Thank Google News for promoting this, too.

Google News was pushing a borrowed, USA Today story for Kaplan on Sunday. Google News won’t pick up small, local, news websites like this, but apparently Kaplan has found a backdoor to entice Google News’ algorithms to post its borrowed copy.

There’s money in this for everybody except, of course, USA Today, which paid to report and write the original story.

The long-term implications of this sort of action are significant. News gathering is a time-consuming and costly business. If legitimate news organizations can’t make money to pay reporters, nobody will get much in the way of actual reporting.

There is no knowing what will fill the void if professional reporting disappears, but all indications are that it will be social media.There are a lot of good things to be said for  social media, but much of the information there is even less accurate than the mainstream media, which already sets a pretty low bar.

For Google, as for Kaplan, though, the main thing that appears to matter here is money.

Google News promotes Kaplan. Kaplan appears to run Google ads. Google collects money to place those ads. Kaplan gets a little kickback from Google for running the ads. But the website probably makes far more money for posting the “sponsored links” from “content.ad” on the Herald website.

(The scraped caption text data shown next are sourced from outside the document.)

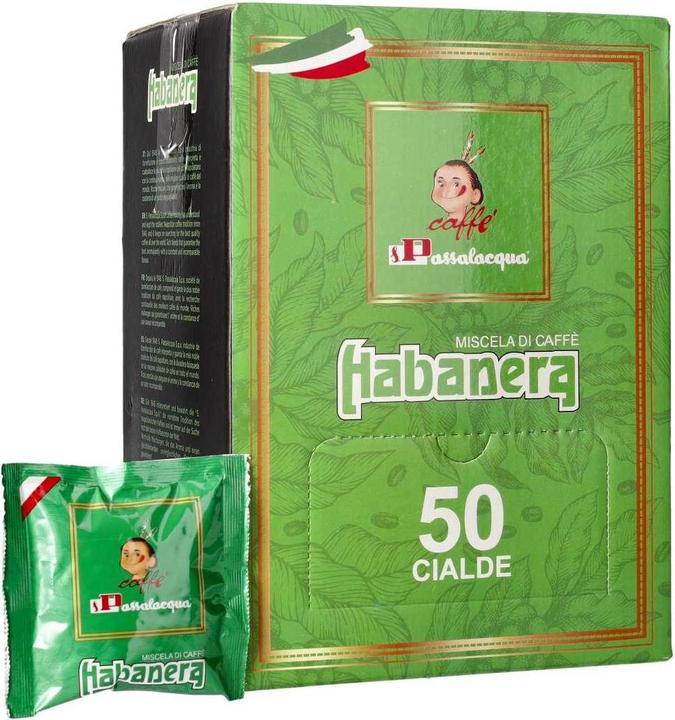 Immagine prodotto Passalacqua Habanera (50 x Porta.)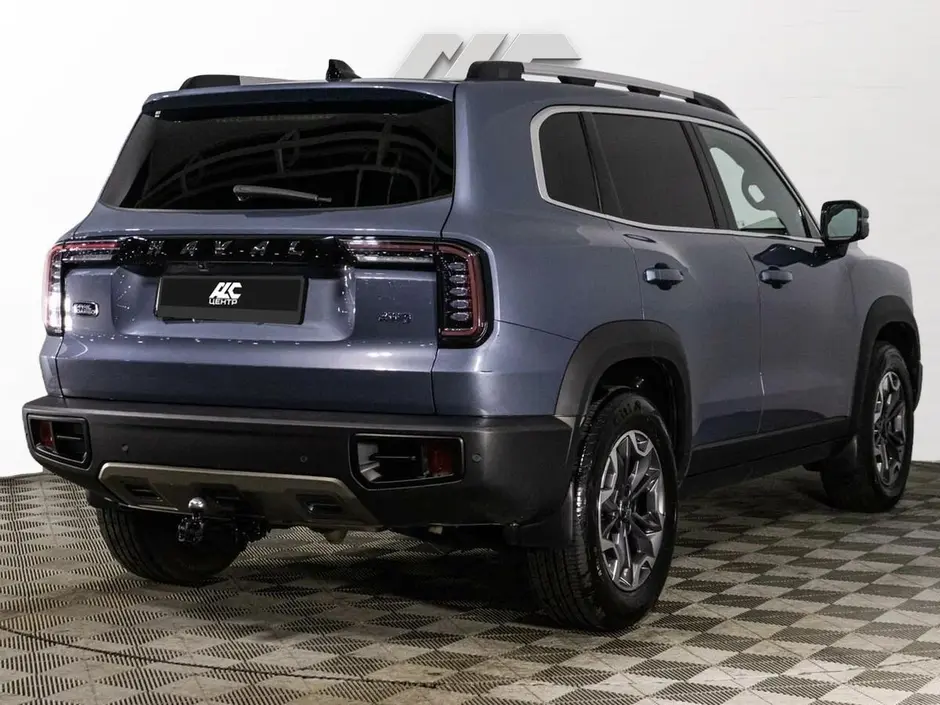 Haval Dargo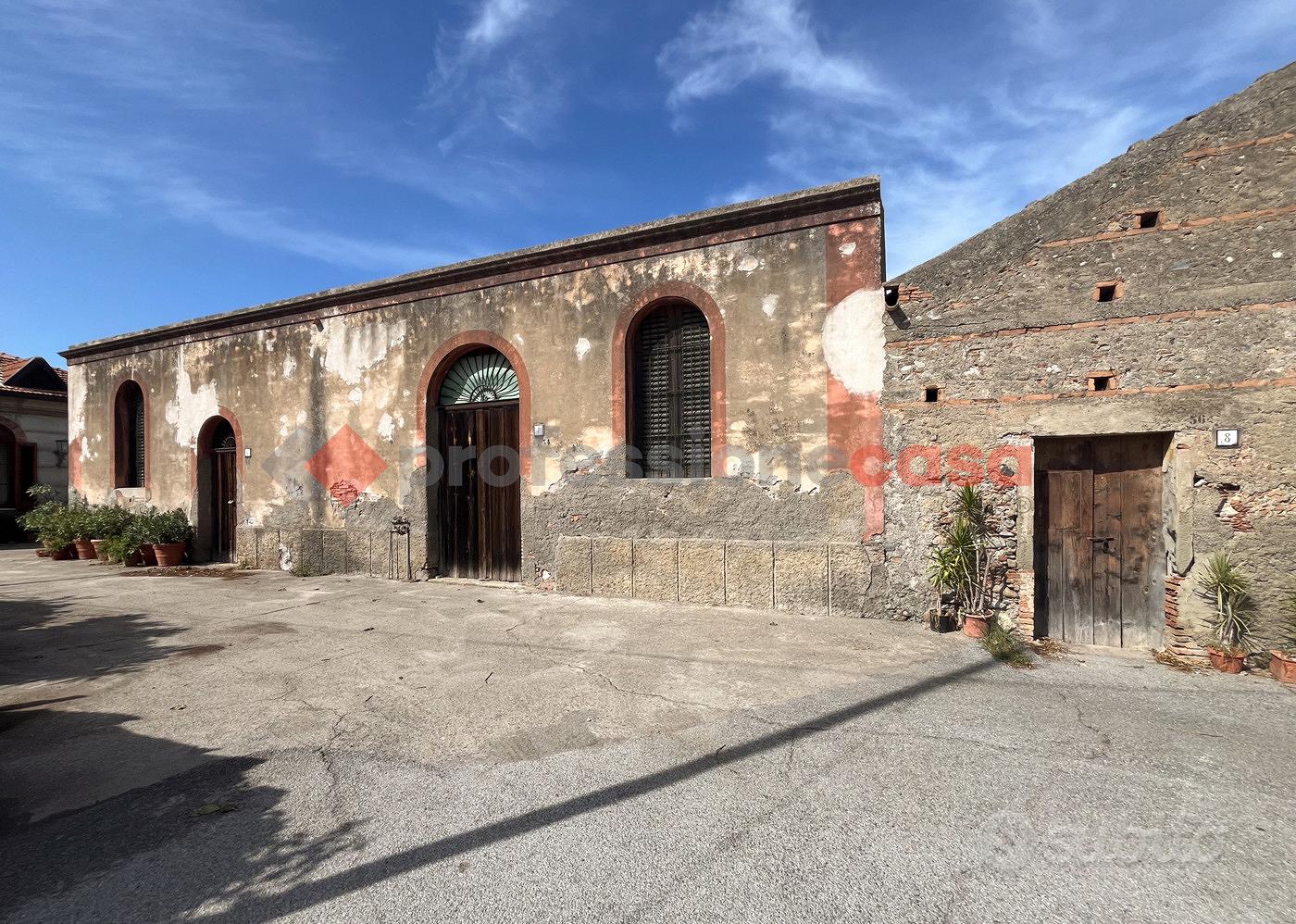 Rustico/Casale/Corte Milazzo [#prof432VRG] - Vista 3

The per-click value on all of this is low – but if someone is copying all the news on the web and then trolling it for hundreds of thousands of clicks – he or she or it could be making decent money.

This is the game Sarah Palin is now playing on her Facebook page with its 4.4-million followers. Think of her Facebook page as something like a mini Google News. Kaplan doesn’t have access to 4.4-million Facebook followers, so it has to resort to some other technique.

Kaplan appears to have figured out how to play Google News.

“The federal government is putting Lance Armstrong on trial next year for civil fraud and had hoped to prevent him from making his famous argument in court — the so-called ‘everyone was doing it’ defense to explain his use of banned drugs to gain an edge in cycling,” one of its mysterious “Kaplan Contributors” reported for the website on News Year’s Eve.

“The federal government is putting Lance Armstrong on trial next year for civil fraud and had hoped to prevent him from making his famous argument in court — the so-called ‘everyone was doing it’ defense to explain his use of banned drugs to gain an edge in cycling,” USA Today reported on Nov. 28. 

These were the first paragraphs in both stories. The second paragraphs were also the same in both stories and the third and the fourth and etc.

The Kaplan headline was a bit of a mash-up that made no sense, but that might have been done to fool the Google News search robots into grabbing the story from among millions in the tubes and  linking it as “news” even if it was a bit “olds.”

“Choose partly permits Lance Armstrong doping protection at trial,” the headline read

Who knows what the hell that means, but Google liked it. USA today did have a better headline and a photo:

usa today

But a better headline and photo doesn’t help all that much on Google News, which often just runs a headline while selecting your news for you.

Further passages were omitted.